Composer of the week: Ralph Vaughan Williams
Happy one-day-belated birthday to Ralph Vaughan Williams! He would have turned 139 yesterday. Generally speaking, Vaughan Williams is considered a twentieth century composer but the reality is that he was only thirty years younger than Tchaikovsky. The first thing you should know about Vaughan Williams is a) his first name is pronounced like Rafe, as in Ralph Fiennes b) never forget that extra a in Vaughan and c) Vaughan Williams is actually NOT hyphenated although you frequently find it listed in programs with the hyphen. His last name is what’s known colloquially as a “doubled barreled” name which is quite common in England and Wales. In Vaughan Williams’ case, his last name is Welsh. It throws of many a music student.
Vaughan Williams was an English composer with a lengthy oeuvre of often pastoral-sounding music.
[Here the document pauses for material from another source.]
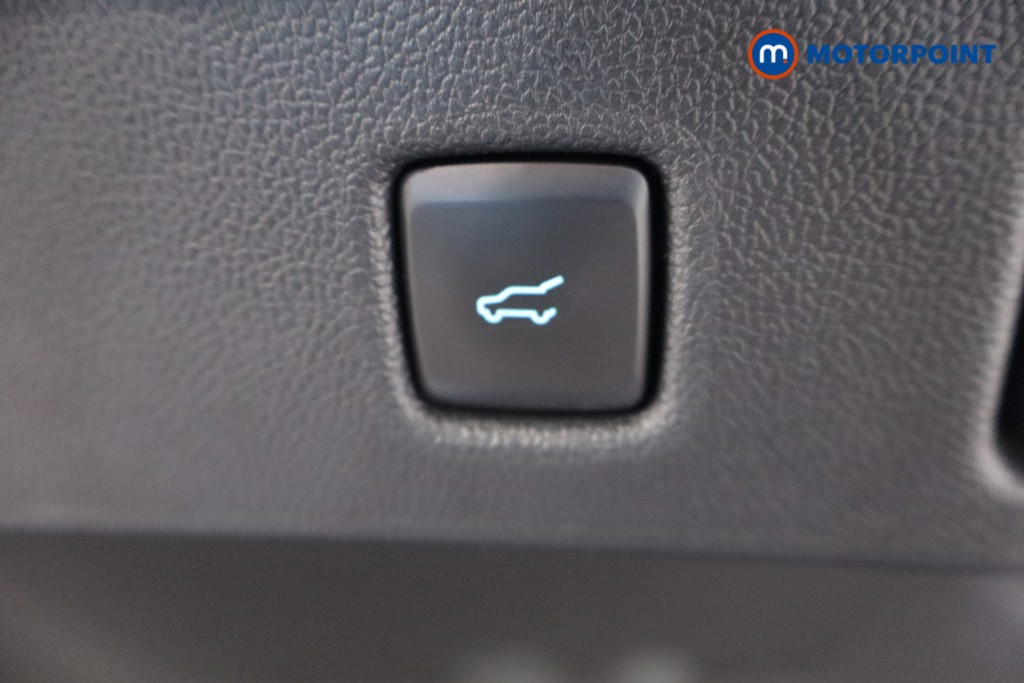 Used Ford Kuga 2022 for sale - 76638257: Photo 30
His father, a vicar, died when he was just three years old. She moved in with family, the Wedgwoods, to raise young Ralph. Her great-grandfather was the famous potter John Wedgwood, and the family’s china and pottery is still highly prized and collected. He wasn’t just related to one famous family but two: Charles Darwin was his great uncle!
Vaughan Williams studied the piano and violin as a young boy, of which he said, “I never could play [the piano], and the violin…was my musical salvation.” He attended the Juilliard of the UK, the Royal Conservatory of Music as well as the Trinity College at Cambridge University. At the Royal Conservatory, Vaughan Williams became friends with the likes of Leopold Stokowski (the great composer who championed many of his symphonies) and Gustav Holst. Despite this, Vaughan Williams didn’t publish any music until the age of 30. If you’re frequently depressed by the fact that you will never be Mozart, just remember Ralph Vaughan Williams!
Vaughan Williams married Adeline Fisher in 1896. She was herself an accomplished cellist and pianist. She was even a first cousin of Virginia Woolf. It seems to be a fairly open marriage as he began an affair with Ursula Wood in the late 30s. Wood even cared for Adeline when her health declined in the 1940s due to arthritis. Wood and Vaughan Williams married in 1953, two years after the death of Adeline.
Upon discovering English folk music in the early 1900s, Vaughan Williams compositional style permanently changed. He found his voice, purpose, and passion. His music is typically traditional in sound and largely tonal, very different from what the younger composers of his time (such as Stravinsky and Schoenberg) were writing. Vaughan Williams is sometimes dismissed by academic musicians because of his lack of experimentation but it’s important to remember that he was 30 before he started writing published music and by the time he wrote his most famous works he was in his 40s and 50s. He belonged to a different compositional school of thought than the more experimental types writing at the same time as him. One well known music theorist said than when listening to Vaughan Williams, “one is never quite sure whether one is listening to something very old or very new.” Indeed, Vaughan Williams’ music is frequently lush and gorgeous; the kind of music that orchestras love to play and audiences love to hear.
Vaughan Williams started becoming known nationally and internationally in 1910. This was largely due to his choral fantasy: Fantasia on a Theme by Thomas Tallis. Listen here:
He also started gaining prominence with the Sea and London Symphonies.
“The Waves” from A Sea Symphony
Vaughan Williams actually volunteered for military service during WWI even though he was 41 and could have avoided conscription. Being surrounded by constant gunfire as an ambulance driver caused a hearing loss that progressed to almost complete deafness in his old age. Most of his most famous works come from the years following the war and include the ballet Job, the Pastoral Symphony (No. 3), his Piano Concerto, and his Symphony No. 4.
Scene 8 from Job: A Masque for Dancing
Vaughan Williams remained prolific well into his 60s and 70s and wrote a number of beautiful and interesting works including four symphonies (No. 6 received over 100 performances in its FIRST YEAR of existence) , the Christmas oratorio Hodie (Utah Symphony and the Mormon Tabernacle Choir have performed this together as part of the OC Tanner Gift of Music concert recently), and the opera The Pilgrim’s Progress.